Irregular appointment attendance was the most commonly listed reason for non-completion. The use of shorter treatment regimens has been associated with increased completion . In the present study, the vast of majority of patients (94.3%) used a 9-month regimen. Thus, a change to a shorter regimen, which could include the 3HP regimen mentioned above, may improve appointment attendance by reducing the number of required clinic visits.
Physicians frequently cited discordance between TST and IGRA results as a reason for not offering LTBI treatment. The use of IGRA as a confirmatory test following TST is not endorsed by Canadian or World Health Organization guidelines [13, 24]. However, this strategy is recommended for some low risk patients in American guidelines  and a recent trial found it to be non-inferior to TST alone , suggesting that it may be reasonable in some cases.
A moderate number of patients were lost to follow up before obtaining a TST result and many patients with positive TSTs did not attend physician appointments. Perhaps standardized videos emphasizing TB prevention presented by Inuit community members to Inuit patients could improve attendance.
By including the results of all TSTs performed in Iqaluit over the study period, our study provides a comprehensive overview of LTBI identification and management in the largest community in Canada’s highest TB incidence region. This represents the first comprehensive data published from the Inuit Nunangat. A further strength is that all LTBI treatment in Iqaluit is directly-observed, minimizing misclassification error.

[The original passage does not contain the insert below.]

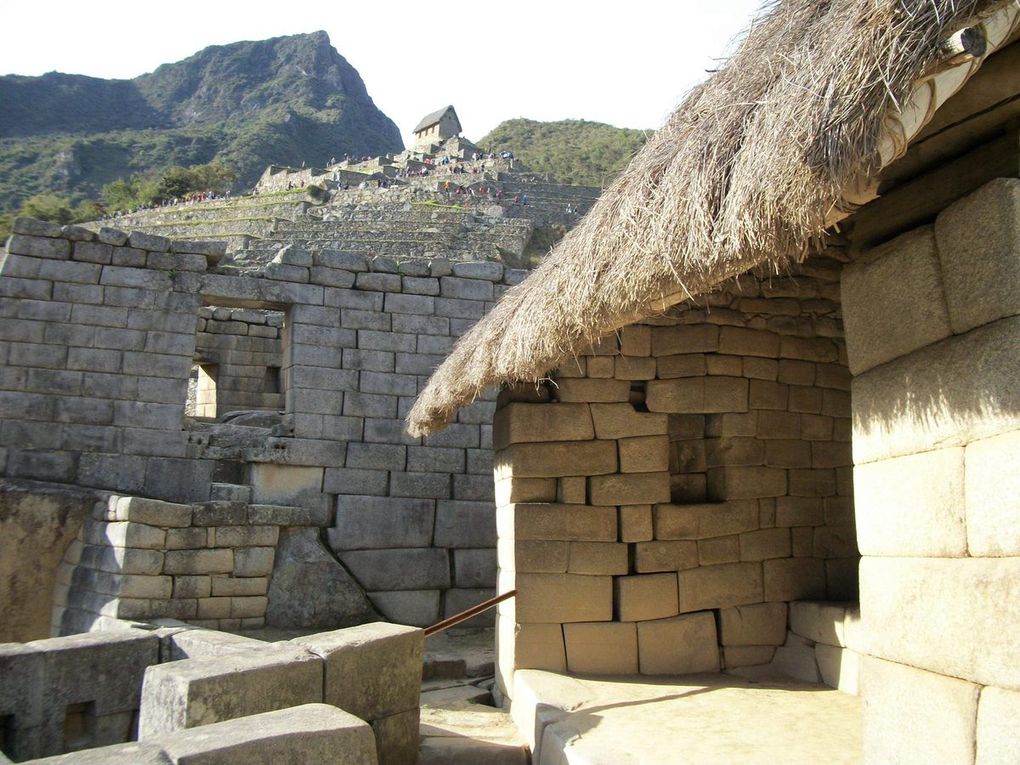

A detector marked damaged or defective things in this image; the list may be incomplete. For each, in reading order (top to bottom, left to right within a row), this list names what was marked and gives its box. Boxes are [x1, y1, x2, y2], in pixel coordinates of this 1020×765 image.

rusted metal railing [424, 591, 518, 636]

However, the study is limited by the relatively small number of variables on which data were obtained. This is in part related to this study’s retrospective design which meant that only data listed in medical records could be extracted. As a result, the potential impact of important clinical and socioeconomic factors could neither be assessed nor adjusted for. Additionally, post-hoc statistical analysis regarding the listed reasons for treatment non-completion was considered but rejected because numbers in each category were low (n ≤ 16 for all categories), leading to very limited statistical power. This prevented a more detailed analysis of potential causes of non-completion. While power could have been increased by increasing sample size, study dates were limited by the availability of data.

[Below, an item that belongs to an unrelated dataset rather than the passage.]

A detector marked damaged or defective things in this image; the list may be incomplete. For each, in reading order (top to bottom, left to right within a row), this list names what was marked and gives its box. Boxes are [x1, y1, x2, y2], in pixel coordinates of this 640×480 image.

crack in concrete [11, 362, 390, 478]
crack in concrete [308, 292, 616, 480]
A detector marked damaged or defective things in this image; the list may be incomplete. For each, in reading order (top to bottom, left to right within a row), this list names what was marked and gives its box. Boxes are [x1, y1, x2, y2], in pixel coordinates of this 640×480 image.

Given these limitations, richer detail may be better obtained in future through qualitative studies exploring patients’ reasons for not initiating or completing treatment. The common themes could then provide targets for future interventions to improve treatment initiation and completion.
A further limitation is that IGRA results were not comprehensively captured. Although it would not have been in keeping with recommended local practices , it is possible that some patients were tested exclusively with IGRA and thus not included in our study.
An additional limitation is that it is possible that some patients underwent LTBI treatment prior to the study but were included following a repeat TST. This could have led to an underestimation of the treatment completion rate. However, we feel that this would not be not common. This is because it is not standard practice in Iqaluit to treat patients unless they have a positive TST (no patient with a negative TST received LTBI therapy during the study period) and nearly all of those with repeat testing initially had negative TSTs (only 6 patients with a positive TST had a repeat test). Since TSTs relatively infrequently revert to negative after treatment , it is unlikely that many of those with repeat TSTs had undergone a previous course of treatment.